The Underlying Scaling Laws and Universal Statistical Structure of Complex Datasets
Noam Levi, Yaron Oz
TL;DR
The paper investigates universal statistical structure in complex datasets by treating data as a physical system and applying Random Matrix Theory to the Gram matrix $\Sigma_M = \tfrac{1}{M} X X^T$. It shows that real-world data and correlated Gaussian datasets share GOE-like bulk statistics, which can be captured by a simple Toeplitz-correlated Wishart model (CGD) and approximated even with moderate sample sizes $M_{\mathrm{crit}} \sim d$. A single bulk scaling exponent $\alpha$ governs the power-law eigenvalue decay, with $\lambda_i \propto i^{-1-\alpha}$, and the Shannon entropy of the spectrum correlates with local RMT structure, being lower for strongly correlated data. The results imply that Gram matrices of natural images are well described by Wishart ensembles with simple covariance, enabling rigorous analyses of neural network dynamics and generalization. The framework provides a bridge between real data complexity and tractable RMT models, with potential extension to multiple modalities and learning dynamics beyond random feature models.
Abstract
We study universal traits which emerge both in real-world complex datasets, as well as in artificially generated ones. Our approach is to analogize data to a physical system and employ tools from statistical physics and Random Matrix Theory (RMT) to reveal their underlying structure. We focus on the feature-feature covariance matrix, analyzing both its local and global eigenvalue statistics.

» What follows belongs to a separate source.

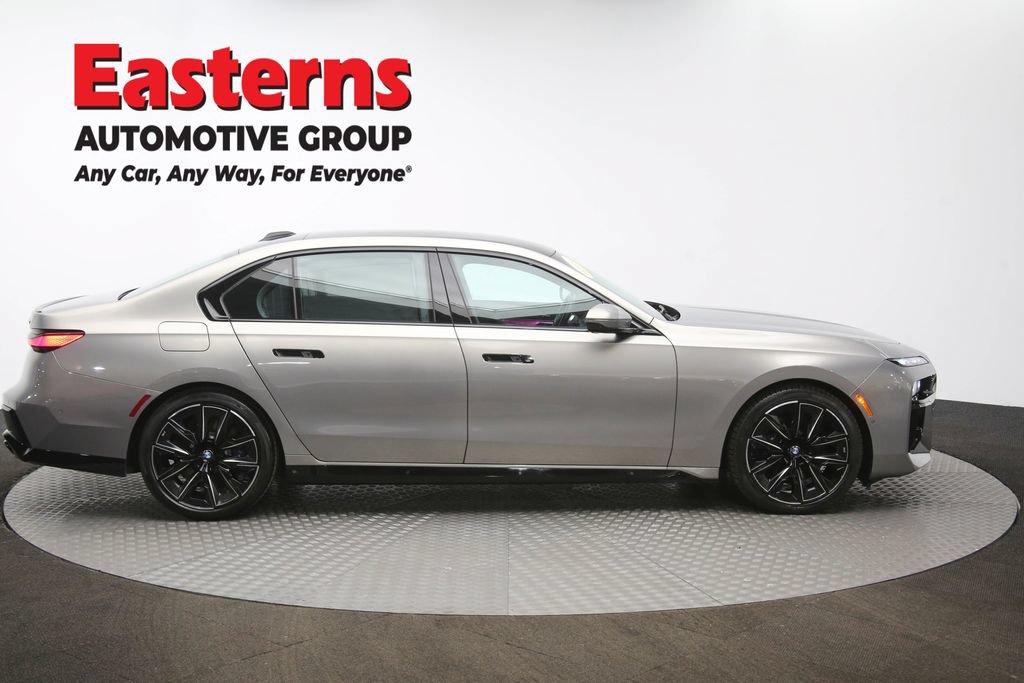 Used 2023 BMW 760i xDrive w/ Executive Package AWD/4WD image 49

Our main observations are: (i) The power-law scalings that the bulk of its eigenvalues exhibit are vastly different for uncorrelated normally distributed data compared to real-world data, (ii) this scaling behavior can be completely modeled by generating Gaussian data with long range correlations, (iii) both generated and real-world datasets lie in the same universality class from the RMT perspective, as chaotic rather than integrable systems, (iv) the expected RMT statistical behavior already manifests for empirical covariance matrices at dataset sizes significantly smaller than those conventionally used for real-world training, and can be related to the number of samples required to approximate the population power-law scaling behavior, (v) the Shannon entropy is correlated with local RMT structure and eigenvalues scaling, is substantially smaller in strongly correlated datasets compared to uncorrelated ones, and requires fewer samples to reach the distribution entropy. These findings show that with sufficient sample size, the Gram matrix of natural image datasets can be well approximated by a Wishart random matrix with a simple covariance structure, opening the door to rigorous studies of neural network dynamics and generalization which rely on the data Gram matrix.